Inverse Modeling Using a Wireless Sensor Network (WSN) for Personalized Daylight Harvesting

Shared by SCOTT POLL, updated on Dec 18, 2013


Author(s) :
R. Paulson, R. Basu, A. Agogino, And S. Poll

Smart lighting systems in low energy commercial buildings can be expensive to implement and commission. Studies have also shown that only 50% of these systems are used after installation, and those used are not operated at full capacity due to inadequate commissioning and lack of personalization. Wireless sensor networks (WSN) have great potential to enable personalized smart lighting systems for real-time model predictive control of integrated smart building systems. In this paper we present a framework for using a WSN to develop a real-time indoor lighting inverse model as a piecewise linear function of window and artificial light levels, discretized by sub-hourly sun angles.
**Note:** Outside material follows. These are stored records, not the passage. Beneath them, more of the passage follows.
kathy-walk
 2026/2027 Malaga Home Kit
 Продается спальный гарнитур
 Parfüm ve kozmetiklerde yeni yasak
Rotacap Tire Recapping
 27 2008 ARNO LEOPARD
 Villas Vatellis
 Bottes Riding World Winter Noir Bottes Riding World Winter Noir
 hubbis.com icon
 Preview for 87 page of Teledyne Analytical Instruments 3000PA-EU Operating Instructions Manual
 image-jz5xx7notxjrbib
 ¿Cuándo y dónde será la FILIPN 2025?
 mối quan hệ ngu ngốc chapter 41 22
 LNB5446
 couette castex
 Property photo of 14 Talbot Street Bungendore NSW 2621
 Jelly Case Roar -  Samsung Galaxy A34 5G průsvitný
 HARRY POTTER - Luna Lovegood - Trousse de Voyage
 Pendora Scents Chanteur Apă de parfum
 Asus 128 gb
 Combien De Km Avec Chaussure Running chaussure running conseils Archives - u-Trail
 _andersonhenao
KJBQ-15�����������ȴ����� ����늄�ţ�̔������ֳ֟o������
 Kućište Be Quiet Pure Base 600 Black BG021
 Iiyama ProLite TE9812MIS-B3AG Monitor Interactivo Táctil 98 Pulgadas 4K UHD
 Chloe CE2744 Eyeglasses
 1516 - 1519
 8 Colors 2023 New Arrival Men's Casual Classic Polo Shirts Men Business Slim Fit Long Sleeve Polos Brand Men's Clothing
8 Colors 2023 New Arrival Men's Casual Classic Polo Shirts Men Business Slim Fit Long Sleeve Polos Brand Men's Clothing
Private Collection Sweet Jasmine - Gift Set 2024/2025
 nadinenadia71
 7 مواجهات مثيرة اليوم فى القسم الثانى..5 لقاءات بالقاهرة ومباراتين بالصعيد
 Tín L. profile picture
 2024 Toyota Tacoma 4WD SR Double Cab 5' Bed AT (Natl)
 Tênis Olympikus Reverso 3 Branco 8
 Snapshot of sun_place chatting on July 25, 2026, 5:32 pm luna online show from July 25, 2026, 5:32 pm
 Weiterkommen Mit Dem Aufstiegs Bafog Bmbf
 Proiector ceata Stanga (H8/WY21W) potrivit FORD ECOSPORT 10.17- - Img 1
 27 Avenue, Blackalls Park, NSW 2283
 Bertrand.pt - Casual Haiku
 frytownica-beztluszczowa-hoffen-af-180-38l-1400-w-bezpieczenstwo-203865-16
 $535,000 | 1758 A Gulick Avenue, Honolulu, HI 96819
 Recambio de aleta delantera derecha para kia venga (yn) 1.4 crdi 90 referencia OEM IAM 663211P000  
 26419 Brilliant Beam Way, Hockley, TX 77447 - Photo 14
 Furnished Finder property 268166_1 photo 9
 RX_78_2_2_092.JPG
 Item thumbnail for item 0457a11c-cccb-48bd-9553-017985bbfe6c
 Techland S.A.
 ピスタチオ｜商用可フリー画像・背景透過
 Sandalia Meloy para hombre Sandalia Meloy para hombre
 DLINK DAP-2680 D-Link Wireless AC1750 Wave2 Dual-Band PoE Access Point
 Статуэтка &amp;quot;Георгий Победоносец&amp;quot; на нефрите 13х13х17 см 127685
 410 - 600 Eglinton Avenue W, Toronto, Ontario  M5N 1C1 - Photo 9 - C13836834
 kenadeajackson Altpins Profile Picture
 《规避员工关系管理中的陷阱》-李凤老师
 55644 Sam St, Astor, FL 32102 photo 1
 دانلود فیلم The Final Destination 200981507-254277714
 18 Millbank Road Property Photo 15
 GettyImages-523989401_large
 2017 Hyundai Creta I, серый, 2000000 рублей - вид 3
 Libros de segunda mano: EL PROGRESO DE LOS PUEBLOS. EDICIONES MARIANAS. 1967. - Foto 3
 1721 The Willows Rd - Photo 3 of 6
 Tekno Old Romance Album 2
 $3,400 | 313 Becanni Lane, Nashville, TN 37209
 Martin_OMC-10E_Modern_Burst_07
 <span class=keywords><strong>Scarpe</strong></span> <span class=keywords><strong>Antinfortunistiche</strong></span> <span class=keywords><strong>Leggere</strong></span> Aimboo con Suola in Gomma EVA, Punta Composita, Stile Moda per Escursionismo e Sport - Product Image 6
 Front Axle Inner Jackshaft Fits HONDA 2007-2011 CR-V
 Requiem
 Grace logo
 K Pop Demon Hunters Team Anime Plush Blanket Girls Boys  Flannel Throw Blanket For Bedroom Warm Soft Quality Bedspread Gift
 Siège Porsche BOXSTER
Applied on two days of daylight and ten days of artificial light data, this model was able to predict the light level at seven monitored workstations with accuracy sufficient for daylight harvesting and lighting control around fixed work surfaces. The reduced order model was also designed to be used for long term evaluation of energy and comfort performance of the predictive control algorithms. This paper describes a WSN experiment from an implementation at the Sustainability Base at NASA Ames, a living laboratory that offers opportunities to test and validate information-centric smart building control systems.